1:19 So you can use this, there is no ORM required, although we are going to be using it in our apps for the most part.
1:25 It's mature and it's very high-performance. Mike Bayer, the creator of SQLAlchemy, has done a lot of work to highly optimize SQLAlchemy.
1:34 It's DBA-approved, so for whatever reason you have a DBA who doesn't like ORMs or automatic query generation or SQL generation,
1:44 you can actually swap out with what is generated by SQLAlchemy with hand-written statements. It does have a very powerful and easy to use ORM
1:55 while the ability to work without an ORM for certain queries and situations is great, you'll see, my philosophy is 80, 90% of the time,
2:03 the ORM saves you so much time and energy and provides flexibility without getting in your way that you can do
2:12 just the raw SQL or core level queries just for the few ones that don't quite fit with what you are doing.
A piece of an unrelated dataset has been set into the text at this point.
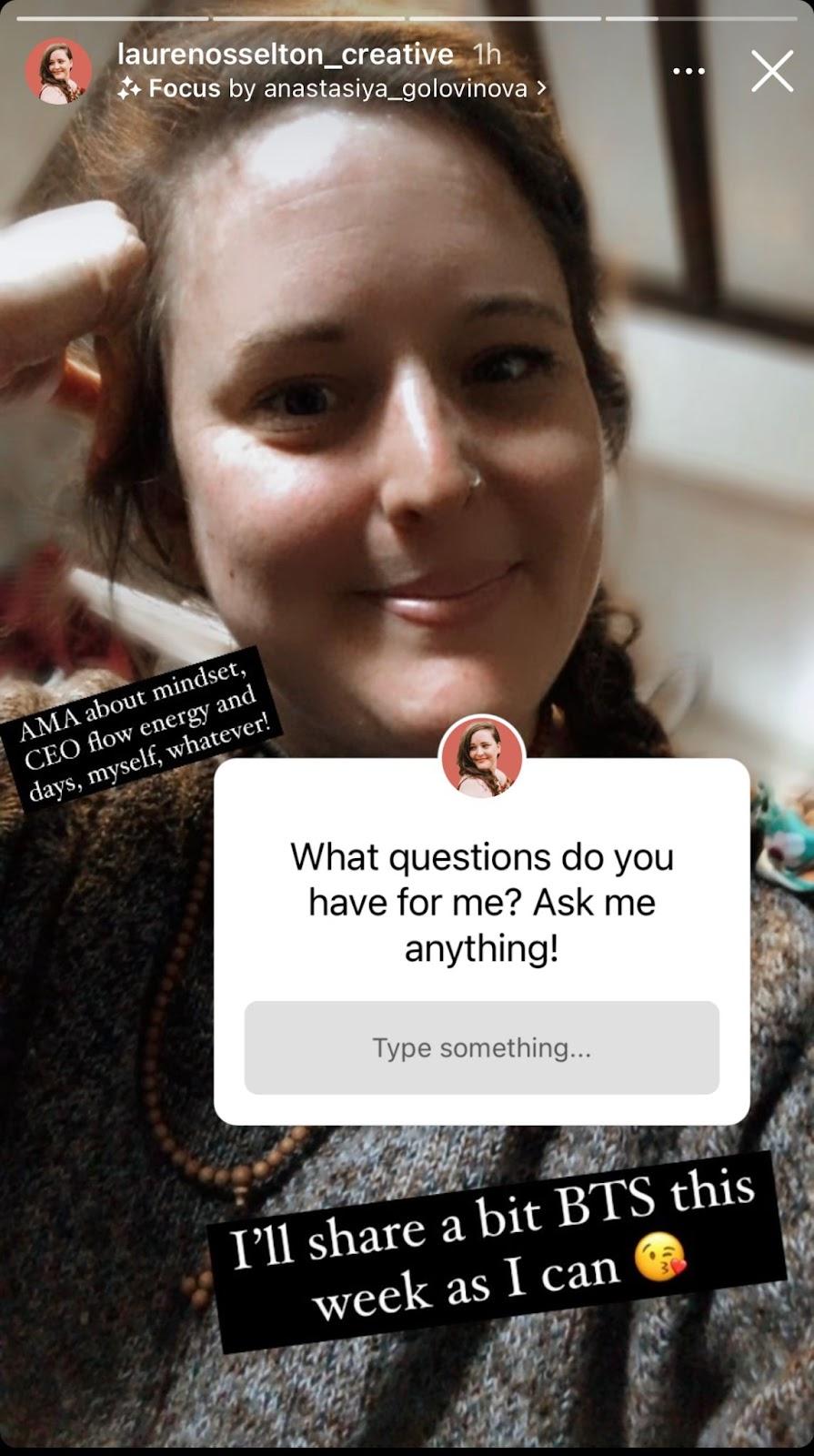 instagram Q&A sticker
2:19 SQLAlchemy uses the "unit of work" design pattern, this is as opposed to "active record", and this is I think
2:25 a slightly more sophisticated data access design pattern. What that means is you begin unit of work, you make some queries,
2:32 make some changes, make some updates, deletes maybe and you do all of your database work and then you commit the unit of work
2:39 and all those changes are either applied or none of them are applied all in one batch, as opposed to inserting individual records
2:46 and hoping that everything hangs together. It supports many databases, SQLlite, that's the one we are going to be using,
2:54 MySQL, Microsoft SQL, Oracle and so on. It also supports something called Eager-loading, as well as lazy loading.
3:03 So Eager-loading is the ability to say to the query engine "hey, I am actually going to query this collection
3:09 but I am going to do traversal of a relationship over to these two others"
3:13 and instead of doing that lazily, which is a really big problem for performance, in certain circumstances, you can tell it to do that all in one shot
3:21 as one sort of three way join and you have only one database access instead of using lazy loading, which is really cool.
3:28 So SQLAlchemy is a great toolkit, it's what I use on all the Talk Python websites, it's what is driving this website that you are looking at right now.